Some of the big themes of 2017 were around the levels of government debt and its impact on future generations. For too long, government debt discussions have been based on Government Finance Statistics (GFS) such as System of National Accounts 2008 or European System of National and Regional Accounts 2010. These figures don’t pick up all long term liabilities found in GAAP compliant financial statements such as public sector employee pensions and provisions.
However, even GAAP compliant financial statements do not currently reflect all of the obligations that governments will most likely have to honour. One big missing chunk are social benefit liabilities. In the UK, social benefit expenditure is the government’s biggest outgoing, having paid out over £220 billion in 2015-16 (source WGA). [The biggest category within social benefits is the state pension - £91.5 billion or 41% of total social benefits expenditure.]

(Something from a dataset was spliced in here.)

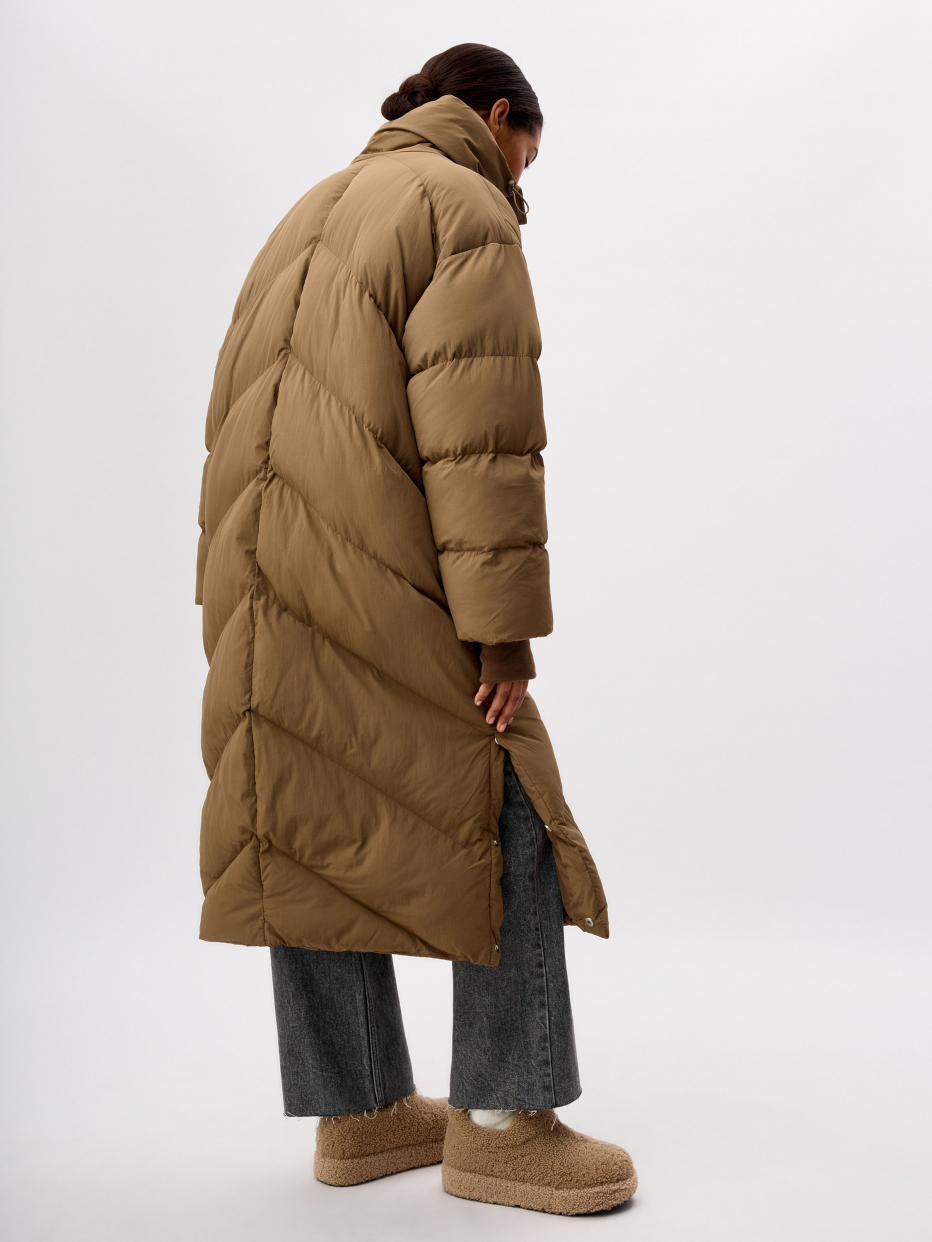 Длинное стеганое пальто с воротником, фото - 6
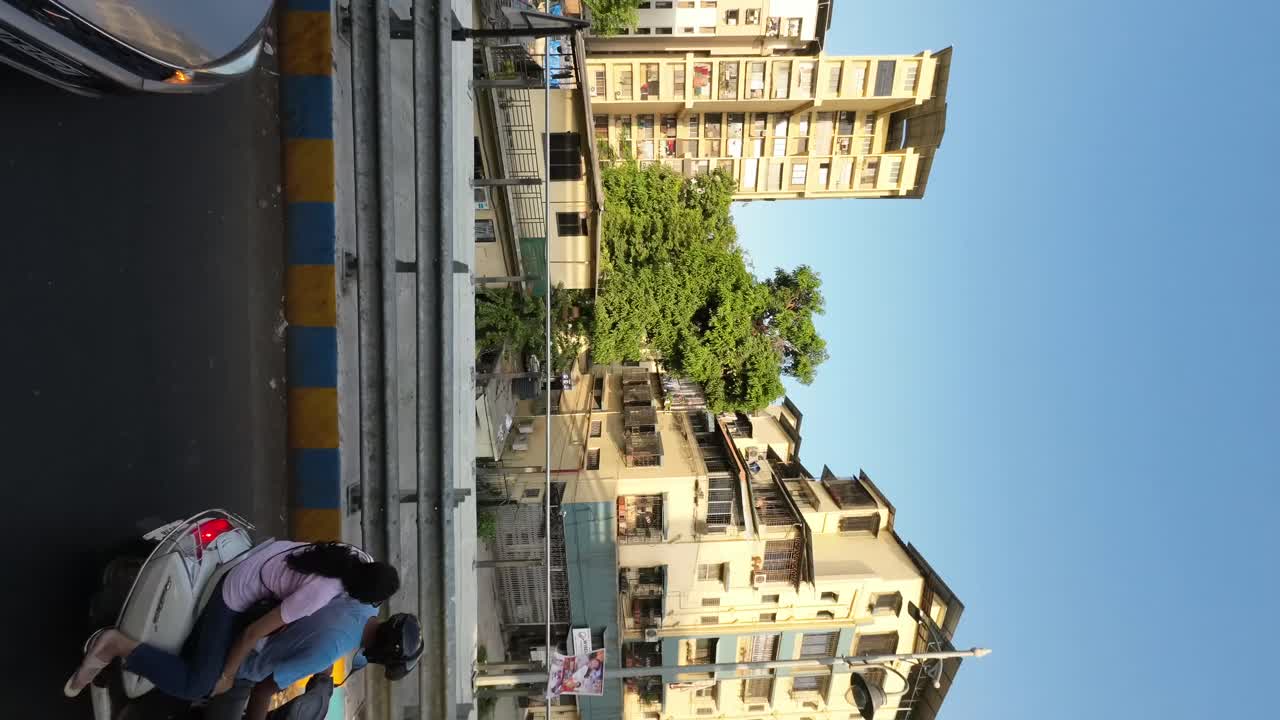 viajando por la mañana timelaps video en vista vertical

The good news is that the International Public Sector Accounting Standards Board (IPSASB) are currently consulting on a draft social benefits standard (https://www.ifac.org/publications-resources/exposure-draft-63-social-benefits). Opinions on recognition and measurement have always been very diverse but putting a sensible marker down and issuing the standard will be a huge step forward. It should provide really valuable information on the viability of government policies and allow stakeholders to make better-informed decisions.
It is time that government financial reporting got to grips with this issue and whilst the social benefits standard may well evolve over time, it looks like IPSASB are on the brink of making an initial breakthrough.